Tensions renforcées entre Paris et Téhéran

« Les Iraniens méritent mieux que leurs dirigeants actuels ». C’est ainsi que Nicolas Sarkozy avait réagi à la répression des manifestations d’opposants à la réélection de Mahmoud Ahmadinejad. Quelques semaines plus tard, le président iranien a usé des mêmes mots vis-à-vis de son homologue français. Signe que les relations entre les deux pays sont entrées dans une nouvelle phase de crispation, exacerbée par l’affaire Clotilde Reiss. Mahmoud Ahmadinejad a en effet déclaré qu’il était prêt à laisser la jeune chercheuse,  hébergée depuis un mois à l’ambassade de France en  Iran après 45 jours de prison, regagner la France en échange de la libération de détenus iraniens emprisonnés en France.
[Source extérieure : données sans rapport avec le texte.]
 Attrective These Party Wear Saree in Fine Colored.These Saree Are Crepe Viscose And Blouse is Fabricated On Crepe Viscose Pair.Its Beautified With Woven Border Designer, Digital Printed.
Parmi eux figure l’assassin de l’ancien Premier ministre iranien Chapour Bakhtiar. L’homme condamné à la réclusion criminelle à perpétuité en 1994 a déjà purgé sa peine de sureté de 18 ans. Il est donc éligible à une libération conditionnelle. Mais le président français a rejeté toute idée d’un échange entre « notre ressortissante qui est innocente et un assassin », n’hésitant pas à parler de « chantage ». Plus que jamais le dialogue entre Paris et Téhéran semble impossible. Une situation qui ne peut que renforcer la conviction du président français que la politique de la main tendue vis-à-vis de l’Iran prônée par son homologue américain Barack Obama est vouée à l’échec.